No caso do trabalho que discutimos, é muito distinto e não tem este objetivo. O projeto constrói conhecimento em arte e promove a cidadania. As discussões atuais que tangem a identidade social são extremamente ricas, pois vale lembrar que, "numa sociedade esmagada por contradições de toda ordem, onde as grandes massas humanas marginalizadas continuam sem voz e sem nem semblante que as identifique" (CHIARELLI, 1996, p.9), ações em torno deste viés precisam ser desenvolvidas.
Uma outra artista que em sua poética apresenta questões críticas à idéia de identidade é Ana Teixeira (1957). Ana produz uma reflexão sobre a questão buscando promover novas identidades.
Sua obra pensa em valorizar a subjetividade como identificação maior do indivíduo. Suas ações ocorrem nas ruas, onde cria um espaço entre o público, "uma zona intermediária", e envolve as pessoas em uma "arquitetura lúdica". Distribui fac-similes de carteiras de identidade em que as pessoas são convidadas a escolher frases, criadas pela artista: 'Tenho sonhos'; ‘Ainda tenho sonhos'; 'Amo e não basta'; 'Adoro falar sozinho'. A carteira de identidade que Ana cria tem o espaço para a foto da pessoa a ser preenchido "buscar uma imagem entre os objetos do mundo compartilhado e a noção de subjetividade" (www.arteven.com/ ana-teixeira.html em 12/07/2007).

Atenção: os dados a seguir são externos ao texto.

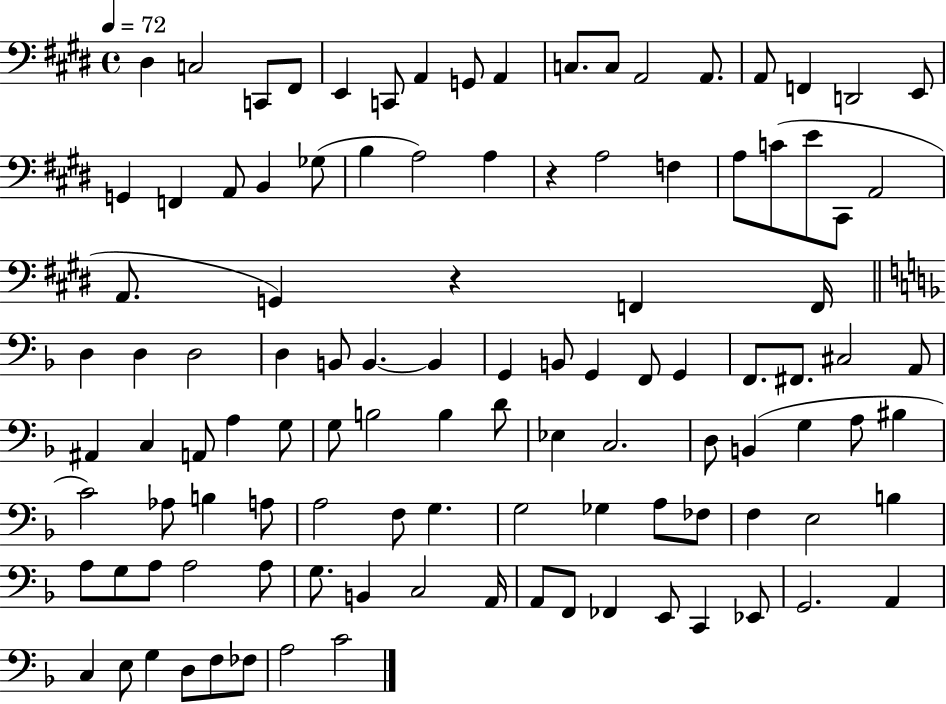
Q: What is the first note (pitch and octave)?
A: D#3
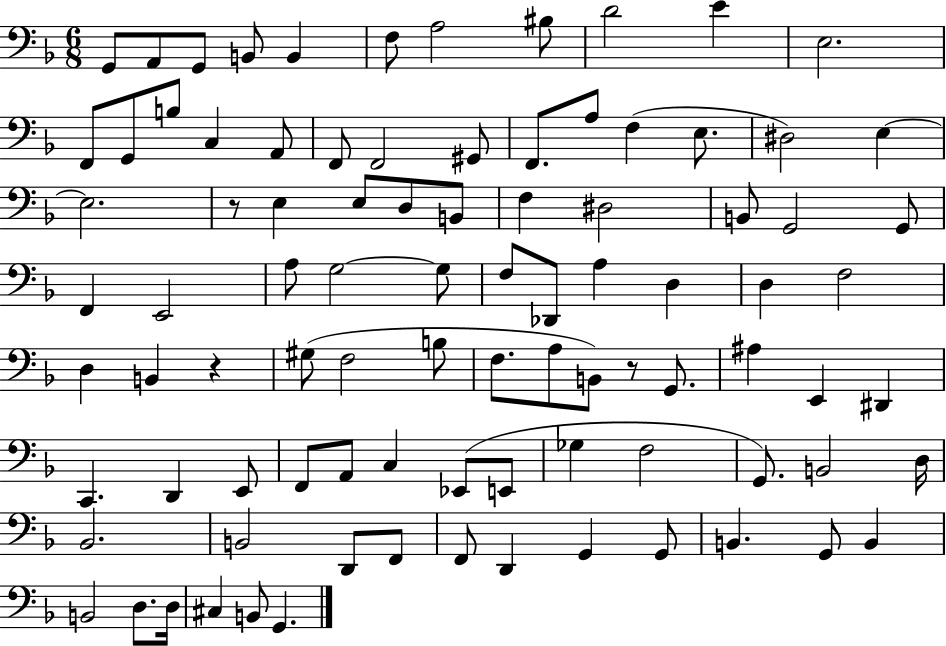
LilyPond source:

{
  \clef bass
  \numericTimeSignature
  \time 6/8
  \key f \major
  \repeat volta 2 { g,8 a,8 g,8 b,8 b,4 | f8 a2 bis8 | d'2 e'4 | e2. | \break f,8 g,8 b8 c4 a,8 | f,8 f,2 gis,8 | f,8. a8 f4( e8. | dis2) e4~~ | \break e2. | r8 e4 e8 d8 b,8 | f4 dis2 | b,8 g,2 g,8 | \break f,4 e,2 | a8 g2~~ g8 | f8 des,8 a4 d4 | d4 f2 | \break d4 b,4 r4 | gis8( f2 b8 | f8. a8 b,8) r8 g,8. | ais4 e,4 dis,4 | \break c,4. d,4 e,8 | f,8 a,8 c4 ees,8( e,8 | ges4 f2 | g,8.) b,2 d16 | \break bes,2. | b,2 d,8 f,8 | f,8 d,4 g,4 g,8 | b,4. g,8 b,4 | \break b,2 d8. d16 | cis4 b,8 g,4. | } \bar "|."
}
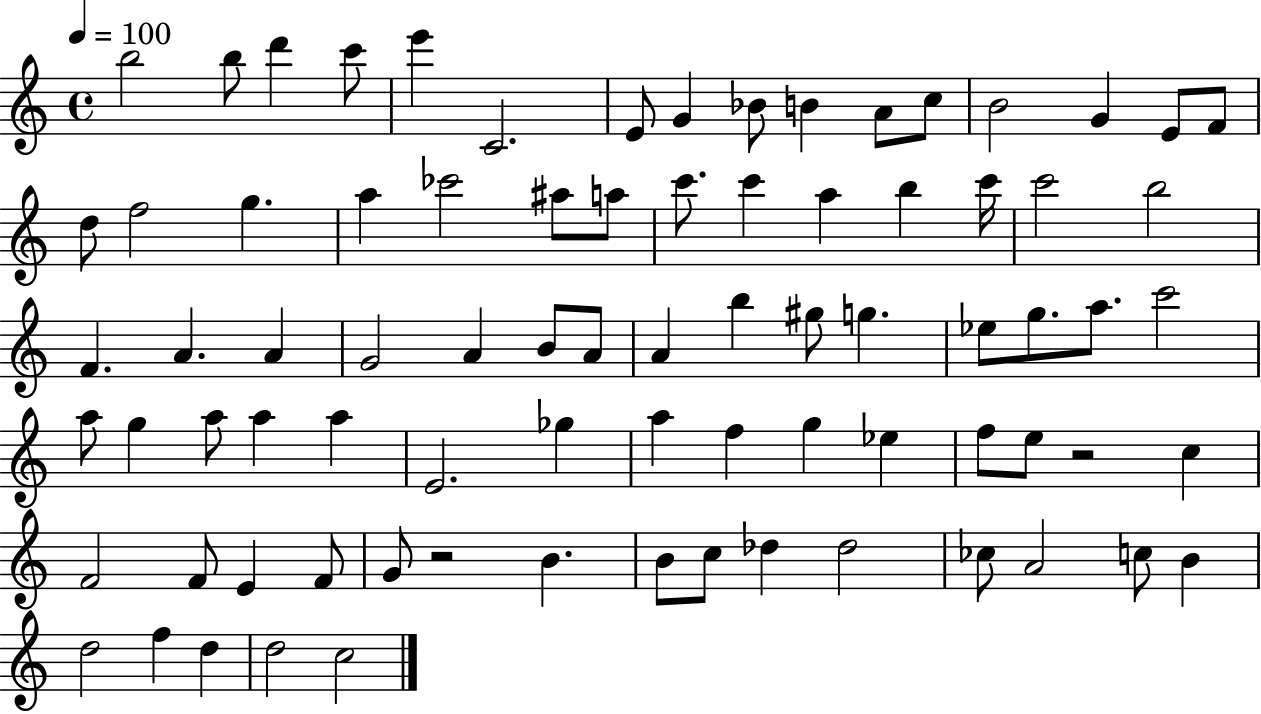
{
  \clef treble
  \time 4/4
  \defaultTimeSignature
  \key c \major
  \tempo 4 = 100
  \repeat volta 2 { b''2 b''8 d'''4 c'''8 | e'''4 c'2. | e'8 g'4 bes'8 b'4 a'8 c''8 | b'2 g'4 e'8 f'8 | \break d''8 f''2 g''4. | a''4 ces'''2 ais''8 a''8 | c'''8. c'''4 a''4 b''4 c'''16 | c'''2 b''2 | \break f'4. a'4. a'4 | g'2 a'4 b'8 a'8 | a'4 b''4 gis''8 g''4. | ees''8 g''8. a''8. c'''2 | \break a''8 g''4 a''8 a''4 a''4 | e'2. ges''4 | a''4 f''4 g''4 ees''4 | f''8 e''8 r2 c''4 | \break f'2 f'8 e'4 f'8 | g'8 r2 b'4. | b'8 c''8 des''4 des''2 | ces''8 a'2 c''8 b'4 | \break d''2 f''4 d''4 | d''2 c''2 | } \bar "|."
}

Em uma ação, no Viaduto do Chá (2003/SP), a artista permaneceu 4 horas criando essas novas identidades do público, que formou uma longa fila em torno de seu carrinho. Segundo a artista: "Foram 4 horas, uma bolha na mão que carimbou mais de 600 vezes, muito cansaço nas pernas e essa gente toda identificada não mais apenas por um número, um nome, um rosto ou uma profissão. Essa gente que agora tem uma outra identidade".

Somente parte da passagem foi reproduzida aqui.